Possible bug in the handling fo the normalization in the skimmers

francescobrivio commented 1 year ago

While re-checking the sample normalization applied in the skimmers for the EFT studies of the non-resonant Run 2 analysis I noticed a possible bug in the skimmers. More precisely, in this line (which is used in the numerator when the samples are normalized) https://github.com/LLRCMS/KLUBAnalysis/blob/a5742e528486bc1f5a172872755948b3e84165fb/test/skimNtuple2016_HHbtag.cpp#L2263 the weight topPtReweight is missing. This same weight is instead added in the denominator in these lines: https://github.com/LLRCMS/KLUBAnalysis/blob/a5742e528486bc1f5a172872755948b3e84165fb/test/skimNtuple2016_HHbtag.cpp#L1494-L1497

The topPtReweight is computed in the gen-section of the skimmers and it's different from 1 only for TT samples. Even though the branches containing the topPtReweight weight are never used later on in the analysis, as shown above, this weight is actually included in the denominator (totalEvents), but not in the numerator.

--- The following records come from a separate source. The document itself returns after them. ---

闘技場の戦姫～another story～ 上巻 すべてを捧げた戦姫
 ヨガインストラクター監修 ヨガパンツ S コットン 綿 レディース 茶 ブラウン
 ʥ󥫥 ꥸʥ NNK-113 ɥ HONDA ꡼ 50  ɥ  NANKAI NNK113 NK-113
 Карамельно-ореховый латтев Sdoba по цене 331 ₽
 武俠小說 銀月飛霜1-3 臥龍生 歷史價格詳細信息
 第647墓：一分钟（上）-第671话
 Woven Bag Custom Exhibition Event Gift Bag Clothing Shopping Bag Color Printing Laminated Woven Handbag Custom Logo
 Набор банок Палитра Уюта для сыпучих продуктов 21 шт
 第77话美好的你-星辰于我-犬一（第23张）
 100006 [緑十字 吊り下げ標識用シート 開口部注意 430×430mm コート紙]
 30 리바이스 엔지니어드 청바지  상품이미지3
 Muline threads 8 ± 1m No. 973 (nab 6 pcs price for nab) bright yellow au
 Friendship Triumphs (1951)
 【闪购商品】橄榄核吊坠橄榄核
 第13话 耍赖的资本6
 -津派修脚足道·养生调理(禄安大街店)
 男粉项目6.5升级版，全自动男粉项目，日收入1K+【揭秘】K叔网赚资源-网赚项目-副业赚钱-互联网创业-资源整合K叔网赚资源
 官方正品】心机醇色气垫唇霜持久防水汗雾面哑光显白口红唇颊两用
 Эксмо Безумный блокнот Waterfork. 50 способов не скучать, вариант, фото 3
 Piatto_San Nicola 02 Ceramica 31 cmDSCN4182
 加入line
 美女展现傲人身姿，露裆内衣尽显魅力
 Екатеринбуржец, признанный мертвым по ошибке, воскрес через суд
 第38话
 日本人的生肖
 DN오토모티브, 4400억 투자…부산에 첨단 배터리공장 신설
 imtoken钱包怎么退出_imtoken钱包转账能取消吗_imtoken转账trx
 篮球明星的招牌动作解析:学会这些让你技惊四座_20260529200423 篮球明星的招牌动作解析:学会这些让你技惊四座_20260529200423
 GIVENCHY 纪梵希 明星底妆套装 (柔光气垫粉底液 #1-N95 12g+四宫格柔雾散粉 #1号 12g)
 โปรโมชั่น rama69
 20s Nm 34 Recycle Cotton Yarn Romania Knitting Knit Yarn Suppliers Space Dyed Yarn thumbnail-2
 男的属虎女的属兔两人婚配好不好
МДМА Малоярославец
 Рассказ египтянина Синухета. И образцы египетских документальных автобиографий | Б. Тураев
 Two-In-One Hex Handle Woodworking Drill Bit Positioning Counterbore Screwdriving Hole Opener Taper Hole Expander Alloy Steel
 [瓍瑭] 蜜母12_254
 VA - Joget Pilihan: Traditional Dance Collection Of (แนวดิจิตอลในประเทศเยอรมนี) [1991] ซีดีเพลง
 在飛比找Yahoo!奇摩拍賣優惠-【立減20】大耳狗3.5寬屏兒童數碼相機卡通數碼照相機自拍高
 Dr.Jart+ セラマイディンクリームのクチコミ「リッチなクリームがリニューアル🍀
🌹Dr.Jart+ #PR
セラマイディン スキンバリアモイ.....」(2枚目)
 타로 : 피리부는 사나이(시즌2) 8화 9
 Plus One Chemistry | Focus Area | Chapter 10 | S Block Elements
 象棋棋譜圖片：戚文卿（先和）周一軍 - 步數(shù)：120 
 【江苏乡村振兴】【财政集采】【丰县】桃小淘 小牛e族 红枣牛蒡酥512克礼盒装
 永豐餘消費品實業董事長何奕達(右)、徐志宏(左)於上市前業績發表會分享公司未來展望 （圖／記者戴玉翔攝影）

I quickly looked at the TTtopPtreweight_up branch of the skims (which is actually filled with topPtReweight, as shown here) for a skim file of the TT_semiLep sample and I can confirm the value is != 1:

@portalesHEP @dzuolo @jonamotta this is most probably a bug that we missed in the past, but further checks (i.e. including re-skimming the TT samples with the addition of this weight in the numerator) are in order.

portalesHEP commented 1 year ago

Thanks for the heads up! I'm not entirely clear on why this weight is needed, and I found out that its value is hardcoded in the skimmer: https://github.com/LLRCMS/KLUBAnalysis/blob/a5742e528486bc1f5a172872755948b3e84165fb/test/skimNtuple2016_HHbtag.cpp#L73-L74 https://github.com/LLRCMS/KLUBAnalysis/blob/a5742e528486bc1f5a172872755948b3e84165fb/test/skimNtuple2016_HHbtag.cpp#L1139-L1141 Do you know where these values come from and if we should simply remove them from the sum of weight or rather add them back to the event weight for TT events?

dzuolo commented 1 year ago

Hi @portalesHEP! If we understood correctly the twiki https://twiki.cern.ch/twiki/bin/viewauth/CMS/TopPtReweighting we are in category "Case 3.1: Analyses with SM tt as background (not in signal)" and, specifically: "In a control region which is signal-depleted and tt-enriched, one should check the data-MC agreement of the main distributions of the analysis, together with the top pT. If the agreement between the data and MC is within the available uncertainties (syst. and stat.) then the effect of top pT mismodeling can be considered covered by the existing uncertainties and no additional correction or uncertainty is needed." So we should remove this weight from the sum of weight and check the data/MC agreement in the inverted resolved2b0j category.

jonamotta commented 1 year ago

To my knowledge, the reweighting is done according to what is written in this page. Even if I admit that by looking at it now, the hardcoded numbers coincide but the method itself no...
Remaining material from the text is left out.